- [STORED DATA]:
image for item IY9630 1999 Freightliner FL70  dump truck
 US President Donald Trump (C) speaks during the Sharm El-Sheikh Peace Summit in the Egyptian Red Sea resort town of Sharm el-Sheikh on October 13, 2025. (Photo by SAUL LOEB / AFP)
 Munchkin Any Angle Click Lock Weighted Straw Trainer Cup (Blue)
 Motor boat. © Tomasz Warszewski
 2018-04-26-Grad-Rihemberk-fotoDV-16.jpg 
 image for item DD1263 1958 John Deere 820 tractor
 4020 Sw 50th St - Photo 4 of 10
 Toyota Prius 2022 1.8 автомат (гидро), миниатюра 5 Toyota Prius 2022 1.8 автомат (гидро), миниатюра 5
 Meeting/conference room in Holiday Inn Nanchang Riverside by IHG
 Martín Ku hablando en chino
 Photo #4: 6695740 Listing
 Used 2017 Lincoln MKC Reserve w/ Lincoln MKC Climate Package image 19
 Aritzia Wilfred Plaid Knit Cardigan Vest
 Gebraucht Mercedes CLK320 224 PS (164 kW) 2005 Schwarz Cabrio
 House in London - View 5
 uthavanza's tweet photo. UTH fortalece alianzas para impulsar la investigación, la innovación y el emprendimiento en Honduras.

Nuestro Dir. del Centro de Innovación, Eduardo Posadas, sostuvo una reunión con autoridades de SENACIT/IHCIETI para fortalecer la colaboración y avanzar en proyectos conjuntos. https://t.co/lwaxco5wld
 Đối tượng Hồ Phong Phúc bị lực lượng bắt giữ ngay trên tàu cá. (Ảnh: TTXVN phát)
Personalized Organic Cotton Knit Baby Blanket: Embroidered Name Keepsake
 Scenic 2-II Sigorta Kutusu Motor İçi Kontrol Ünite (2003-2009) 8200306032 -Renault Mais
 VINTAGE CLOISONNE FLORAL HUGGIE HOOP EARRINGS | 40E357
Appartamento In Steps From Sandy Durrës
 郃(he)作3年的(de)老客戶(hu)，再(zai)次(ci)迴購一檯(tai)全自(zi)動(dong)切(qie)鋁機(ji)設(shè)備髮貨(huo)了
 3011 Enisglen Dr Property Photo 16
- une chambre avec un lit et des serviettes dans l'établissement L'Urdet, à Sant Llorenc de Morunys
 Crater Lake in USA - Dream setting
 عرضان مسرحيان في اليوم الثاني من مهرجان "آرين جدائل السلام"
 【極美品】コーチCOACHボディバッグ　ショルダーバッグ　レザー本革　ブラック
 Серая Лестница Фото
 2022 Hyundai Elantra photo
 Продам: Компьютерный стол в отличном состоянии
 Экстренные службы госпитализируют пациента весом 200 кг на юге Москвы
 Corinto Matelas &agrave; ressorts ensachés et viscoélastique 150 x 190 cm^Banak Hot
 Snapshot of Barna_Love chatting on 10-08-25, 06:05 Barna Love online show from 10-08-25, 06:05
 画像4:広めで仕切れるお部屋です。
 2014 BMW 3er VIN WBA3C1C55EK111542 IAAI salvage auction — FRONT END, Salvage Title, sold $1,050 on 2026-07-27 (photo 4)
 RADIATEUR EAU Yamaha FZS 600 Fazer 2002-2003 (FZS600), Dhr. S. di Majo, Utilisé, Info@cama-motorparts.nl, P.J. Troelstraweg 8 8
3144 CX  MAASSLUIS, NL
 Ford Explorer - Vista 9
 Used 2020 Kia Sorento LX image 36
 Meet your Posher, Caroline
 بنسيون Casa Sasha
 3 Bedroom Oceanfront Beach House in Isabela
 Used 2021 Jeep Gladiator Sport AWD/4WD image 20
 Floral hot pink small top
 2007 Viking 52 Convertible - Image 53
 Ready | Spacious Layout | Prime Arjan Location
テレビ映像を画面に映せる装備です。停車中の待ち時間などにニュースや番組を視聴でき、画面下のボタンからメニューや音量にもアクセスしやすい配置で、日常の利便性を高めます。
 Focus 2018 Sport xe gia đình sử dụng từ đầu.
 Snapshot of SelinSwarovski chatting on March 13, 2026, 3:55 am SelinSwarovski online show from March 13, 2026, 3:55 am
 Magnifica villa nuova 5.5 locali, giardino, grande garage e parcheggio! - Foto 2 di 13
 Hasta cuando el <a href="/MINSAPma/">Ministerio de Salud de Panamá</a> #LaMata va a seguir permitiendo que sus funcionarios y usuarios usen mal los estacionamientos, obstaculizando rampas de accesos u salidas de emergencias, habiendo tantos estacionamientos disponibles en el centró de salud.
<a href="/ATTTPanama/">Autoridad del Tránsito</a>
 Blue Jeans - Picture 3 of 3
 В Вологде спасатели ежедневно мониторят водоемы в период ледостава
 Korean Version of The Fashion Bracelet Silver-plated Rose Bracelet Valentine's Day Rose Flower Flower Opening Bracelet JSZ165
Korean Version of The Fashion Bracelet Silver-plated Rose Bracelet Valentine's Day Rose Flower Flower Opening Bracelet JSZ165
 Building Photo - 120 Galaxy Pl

- [ACTIVITY]: Print, from the entries above, the line with "画像4:広めで仕切れるお部屋です。", the line with "テレビ映像を画面に映せる装備" and all lines between them, exactly and with nothing else.

- [SOLUTION]:
 画像4:広めで仕切れるお部屋です。
 2014 BMW 3er VIN WBA3C1C55EK111542 IAAI salvage auction — FRONT END, Salvage Title, sold $1,050 on 2026-07-27 (photo 4)
 RADIATEUR EAU Yamaha FZS 600 Fazer 2002-2003 (FZS600), Dhr. S. di Majo, Utilisé, Info@cama-motorparts.nl, P.J. Troelstraweg 8 8
3144 CX  MAASSLUIS, NL
 Ford Explorer - Vista 9
 Used 2020 Kia Sorento LX image 36
 Meet your Posher, Caroline
 بنسيون Casa Sasha
 3 Bedroom Oceanfront Beach House in Isabela
 Used 2021 Jeep Gladiator Sport AWD/4WD image 20
 Floral hot pink small top
 2007 Viking 52 Convertible - Image 53
 Ready | Spacious Layout | Prime Arjan Location
テレビ映像を画面に映せる装備です。停車中の待ち時間などにニュースや番組を視聴でき、画面下のボタンからメニューや音量にもアクセスしやすい配置で、日常の利便性を高めます。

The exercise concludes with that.